Of course, in this case the poet has taken license with a seasonal event in the title of his poem to create equivalencies.
black pony, red moon has no table of contents, and often enough the poems are untitled, some of which when read in series suggest a trail of revelations. The poet opens with a dedication poem, "To Jack Hirschman," then provides a short poetic mission statement that derives from W.C. Williams, the poet in the process declaring his own commitment to "invention and justice."
   It is local poetry, too, (see the neighbors and the hood). Whatever subjectivity is in play, Taus delivers as tangible psychological and emotional moment. His poems quickly travel to their mark, as image-bearing music:

dog's slurp
the water dish
of music
of palpate
beat nite
tragedy


   Part of Taus's subjectivity is obvious in his punning across languages (e.g., "There's the last lace/ of red/ over Sunset boulevard des dreams." Often he is mixing English with Spanish and French, and offers a peculiar, personal slang created by shortcutting words. However, in some cases you would have to know, for instance, that "the Bake" is the Jazz Bakery, and if you do, it works well for the poem. Otherwise, be resigned to the spirit of the poem itself, despite your confusion. This happens often enough to cause the reader's return to the poem beyond its surface, playing the tune again in your head. And as a whole, these poems are well worth replaying.
   Taus's final poem in the book is dedicated to the late Vincent Ferrini, whom he celebrated with the publication of a special edition of praise and poetry by various admirers (Split Shift #1, 1996) and paid tribute to in a special event at L.A.'s Beyond Baroque Literary Arts Center in the poet's final year. It speaks directly and respectfully to Taus's own objective: "no mirrors/ no smoke/ no shit." <>
Nikki Stiller

BLOOD TO REMEMBER American Poets on the Holocaust
Revised, Second Edition,

Edited by Charles Ades Fishman
Time Being Books, 10411 Clayton Road, St. Louis, MO 63131, 2007, 637 pp., hardcover,
$42.50, paperback, $27.95.

This amazing compendium of poems is a testament not only to the power of the Holocaust over living memory, but also to the power of poetry. There is to be sure not one poem here about picking daisies, and, as I have written elsewhere, it shows Jewish poetry arises not from the pastoral tradition: it has historical roots, and history is one of its main preoccupations.

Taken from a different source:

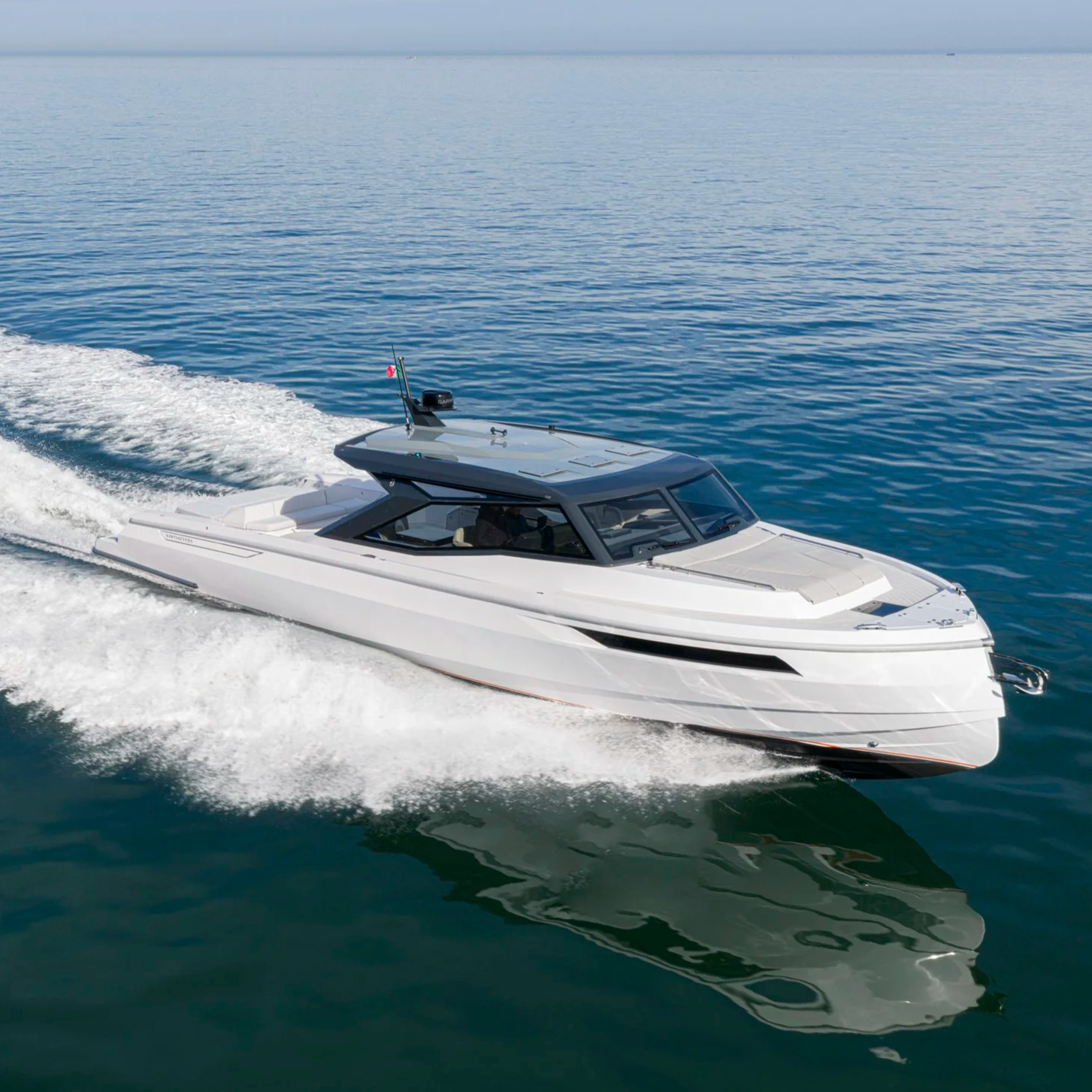 A white yacht cruising on calm blue ocean waters under a clear sky.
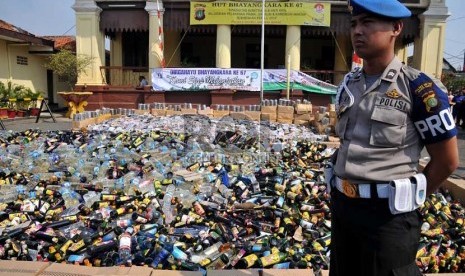  Petugas mengawasi ribuan botol minuman keras dan kepingan DVD porno hasil penertiban di halaman Polsek Metro Palmerah, Jakarta Barat, Senin (8/7).  (Republika/Prayogi)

It is an honor and a privilege to "review" such a book, and one handles it with almost the same reverence with which one would handle the Torah.
   One of the main themes of the poem is survivor's guilt, or, rather, the second generation's duty to remember; Menachem Z. Rosensaft has a whole poem about it. It is called "The Second Generation":

true, we are the children
of a nocturnal twilight
the heirs of Auschwitz and Ponar
but ours is also the rainbow:
In us the storm meets sunlight
to create new colors
as we add defiant spark
to an eternal fire.

   Not all the members of the Second Generation are so sanguine. Consider Hilary Tham's "Daughter of Survivors":

She is screaming again.
You stand at the bathroom door,
shivering: you will her to stop, will it
to go away. Your father's voice rises
And falls with the burden of her name.


   There is a pretend normalcy to their everyday lives. From the same poem: "the daylight woman/ who bakes honeycake and brushes your hair,/ smiling, as if you are her good dream." That is one theme. Another theme is the impossibility of imagining the impossible. Even the inmates of Auschwitz probably had trouble imagining what was right in front of their eyes. How much more difficult for those who did not "go through it"; from Eliot Katz's monumental "Liberation Recalled":

Sophie Scholl, student cofounder of White Rose Resistance,
  awaiting the Nazi firing squad, exclaimed with elegant
defiance:
     What we have written and said is in the minds of you all,
      but you lack the courage to say it aloud."
A common Holocaust survivor's refractive refrain:
  To understand you have to go through it- -
   you cannot ever understand
    yet you must understand.


   There are surprises here, including a bitter humor. Alan Kaufman writes in "My Mother Doesn't Know Who Allen Ginsberg Is," that he will read poetry at a festival in Berlin:

...My mother was arrested by the Gestapo in 1942.
She was twelve then. She's sixty now. She lives in Florida
where every so often a German tourist gets shot
To my mother that is poetry.


There is an earthiness, a domesticity almost, that contrasts with the strange horror all about. In the late Enid Dame's poem "Soup", the narrator is first making soup in the Vilna Ghetto, then in the partisans' forest, and finally at home in Brooklyn: "...I lower the flame/ under the saucepan, the soup shouldn't burn./ You think it's easy to concentrate on details? Details, let me tell you, keep you alive./ Details. I thank God for them."
It seems that almost every Jewish poet has written a Holocaust poem that is included. The overall theme of the book, it seems to me, is not only to remember, but somehow to keep alive the experience and the survivors' triumph over it. This is the blood that calls from the ground and makes them speak, as one of the epigraphs by Hart Crane remarks. There is an emphasis on names and more names, as in Annette Bialik Harchik's "Requiem":

Your names echo
In my heart
Helena, Gill,
Miriam, Kreindl,
Echo vowels
And consonants,
naming the names,
David, Nissum,
Zukm, ShmueL


And there is Irving Feldman's superb naming in "The Pripet Marshes":

it is the moment before the Germans will arrive.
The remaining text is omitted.